**Assignment**:
All the lines below should appear again unchanged, though their pictures should not.

**Information provided**:
╭──

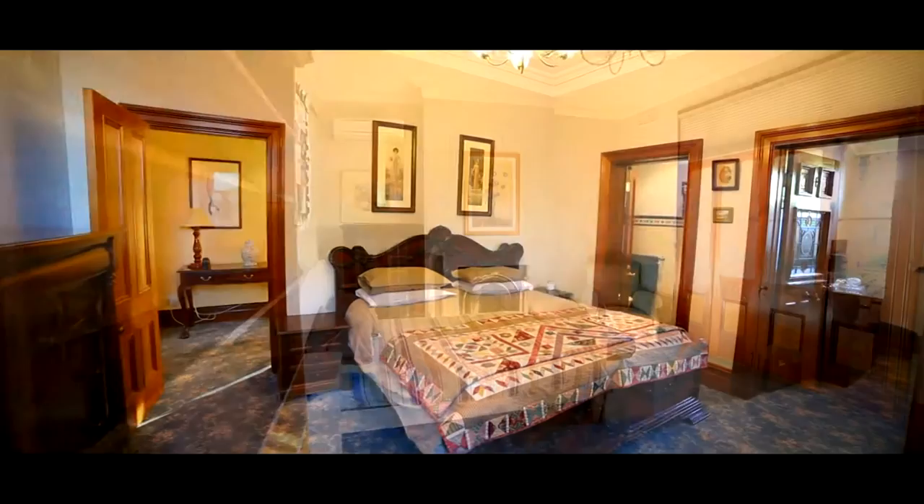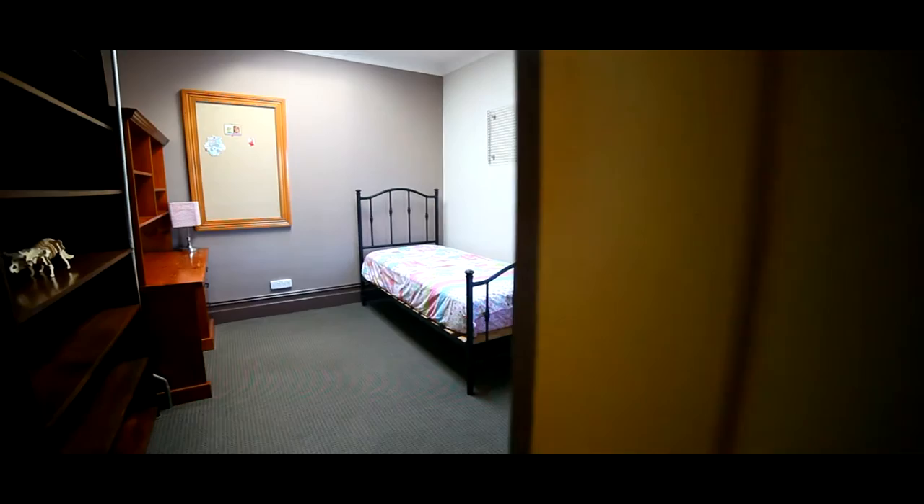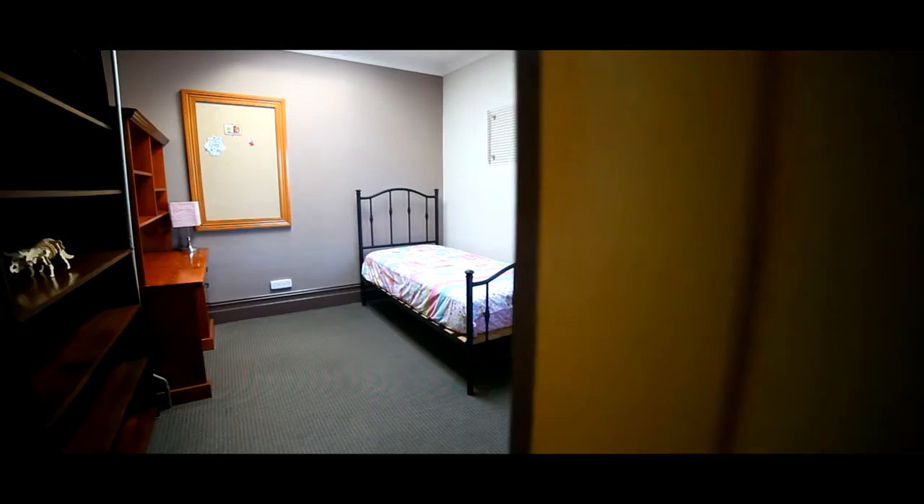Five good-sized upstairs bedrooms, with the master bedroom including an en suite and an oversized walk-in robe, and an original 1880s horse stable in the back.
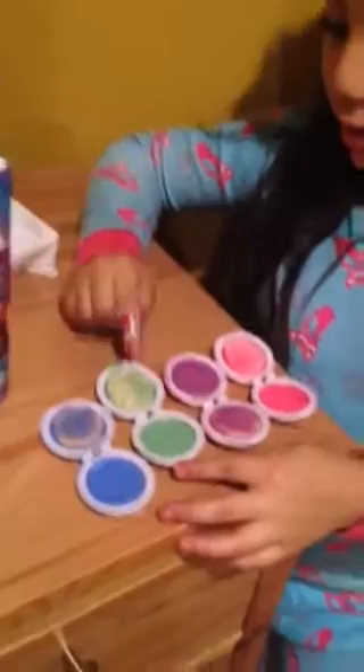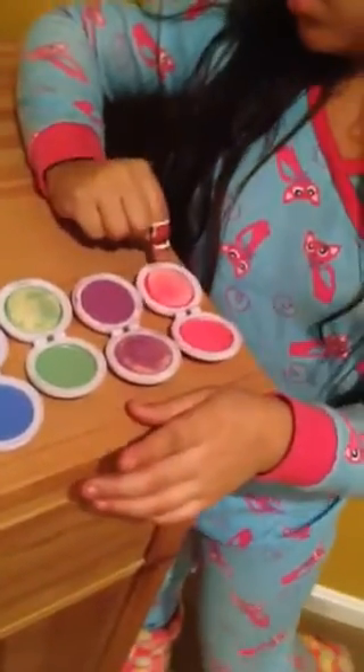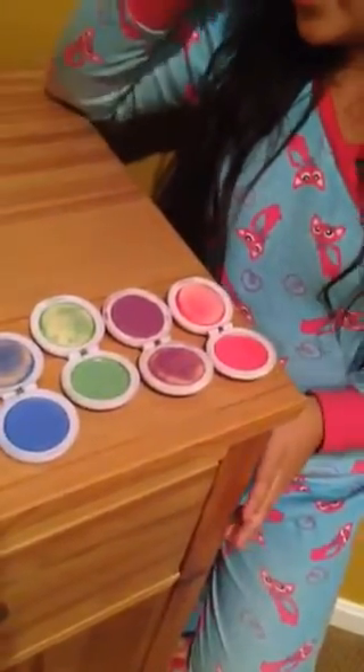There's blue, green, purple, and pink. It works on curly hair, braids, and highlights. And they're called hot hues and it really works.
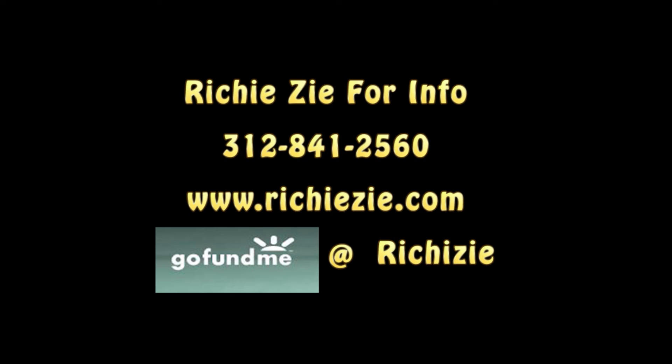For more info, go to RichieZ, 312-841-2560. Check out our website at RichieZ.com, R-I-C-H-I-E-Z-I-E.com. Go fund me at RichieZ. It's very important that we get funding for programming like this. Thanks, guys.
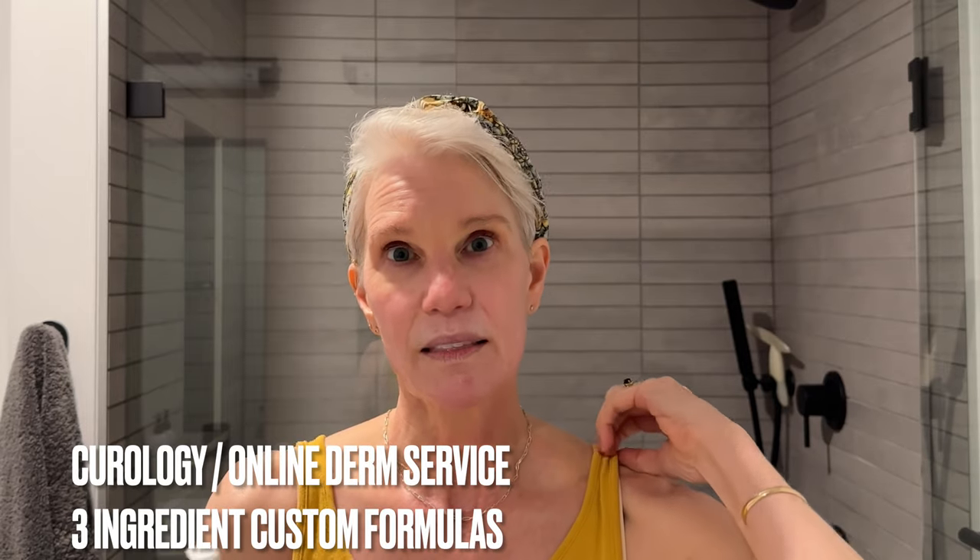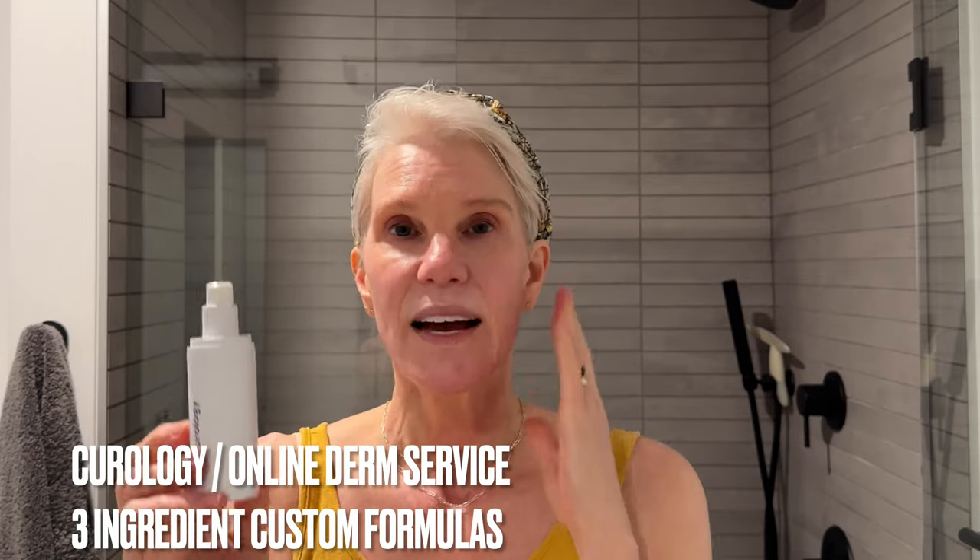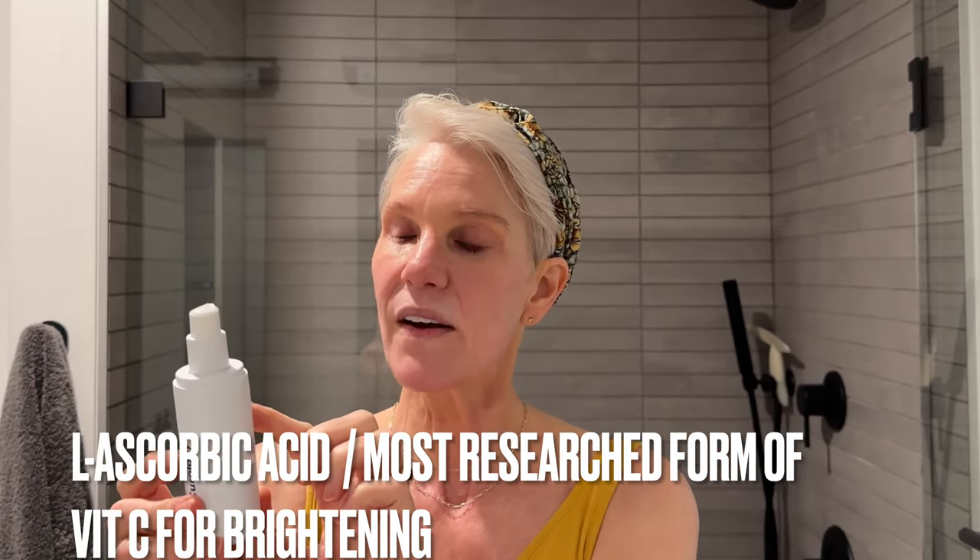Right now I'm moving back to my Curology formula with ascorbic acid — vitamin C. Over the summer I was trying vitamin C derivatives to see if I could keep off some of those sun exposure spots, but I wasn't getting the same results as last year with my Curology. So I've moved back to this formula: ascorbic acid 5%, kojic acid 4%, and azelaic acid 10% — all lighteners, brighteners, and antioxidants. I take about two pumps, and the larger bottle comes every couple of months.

╰──

**Reply to the exercise**:
Five good-sized upstairs bedrooms, with the master bedroom including an en suite and an oversized walk-in robe, and an original 1880s horse stable in the back.
There's blue, green, purple, and pink. It works on curly hair, braids, and highlights. And they're called hot hues and it really works.
For more info, go to RichieZ, 312-841-2560. Check out our website at RichieZ.com, R-I-C-H-I-E-Z-I-E.com. Go fund me at RichieZ. It's very important that we get funding for programming like this. Thanks, guys.
Right now I'm moving back to my Curology formula with ascorbic acid — vitamin C. Over the summer I was trying vitamin C derivatives to see if I could keep off some of those sun exposure spots, but I wasn't getting the same results as last year with my Curology. So I've moved back to this formula: ascorbic acid 5%, kojic acid 4%, and azelaic acid 10% — all lighteners, brighteners, and antioxidants. I take about two pumps, and the larger bottle comes every couple of months.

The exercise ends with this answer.